Researchers from the NUST MISIS and NRU HSE Universities found a way to enhance reinforcement learning for neural networks specialized in spatial orientation. By incorporating an attention mechanism that allows models to focus on the most critical input data when making predictions, the efficiency of graph neural networks increased by 15%.
For self-moving devices to navigate in three-dimensional space, neural networks are essential, as the surrounding environment requires rapid reactions to changing conditions. However, this poses one of the most challenging tasks, as neural networks often lack complete information about their current surroundings, such as depth or terrain maps. Furthermore, the network has limited knowledge of reward perspectives, expressed through a mathematical function, as rewards are issued not incrementally but once at the end after completing the entire task. This function aids the network in solving tasks more efficiently and learning.

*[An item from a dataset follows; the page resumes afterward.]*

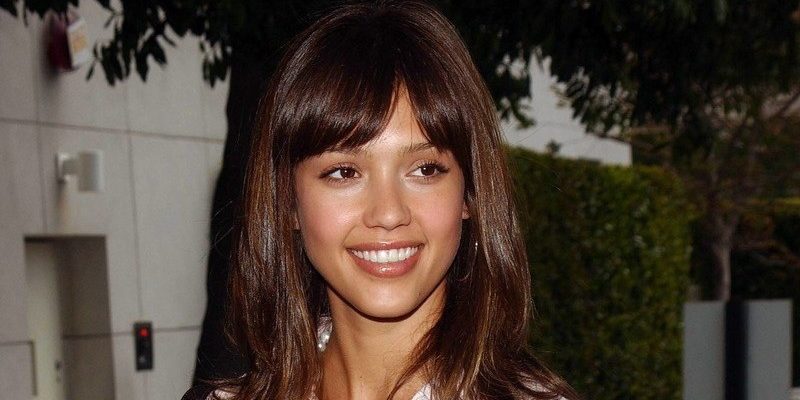 Джессика Альба завершила карьеру на пике популярности из-за серьезных проблем со здоровьем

The authors of the study proposed a new method for forming a reward function, taking into account the specificity of receiving a reward only once after completing the entire problem. It is based on additional secondary rewards, known as reward shaping. The scientists applied two ways to improve the technique proposed by Canadian researchers from McGill University in 2020. The first utilizes advanced aggregation functions, and the second employs an attention mechanism. Advanced aggregation functions consider the order and content observed by the neural network.

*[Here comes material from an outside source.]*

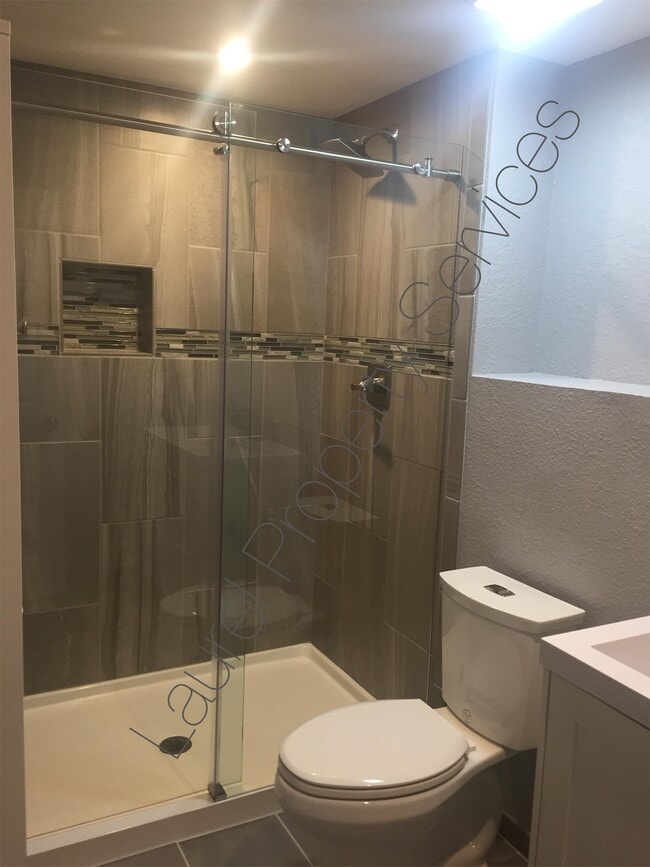 Photo - 517 Holman Way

The researchers conducted a series of experiments with staged rewards, using two orientation tasks in virtual spaces: 4 Rooms, where the neural network learns simultaneously in 16 spaces, performing 5 million actions to find a box, and Labyrinth, which is randomly generated each time. Successful model training requires completing 20 million steps to find the exit. The scientists found that when forming the reward function based on the attention mechanism, the agent learns to focus on the edges of the graph corresponding to important transitions in the three-dimensional environment—those where the goal comes into the agent’s field of view. This increases the efficiency of neural networks by up to 15%. The experiment details are published in the IEEE Access journal (Q1).
“It was crucial for us to optimize the learning process specifically for graph neural networks. The graph cannot be observed as a whole directly, but for effective training of a graph neural network, it is sufficient to consider its parts. These can be observed as individual trajectories of the agent’s movement. Thus, not all trajectory options are necessary for training. The application of the attention mechanism is a promising solution, as it significantly accelerates the learning process. This acceleration occurs due to considering the Markov process graph structure, which is unavailable to non-graph neural networks,” Ilya Makarov, director of the artificial intelligence center NUST MISIS, head of the AI in Industry group of the AIRI Institute.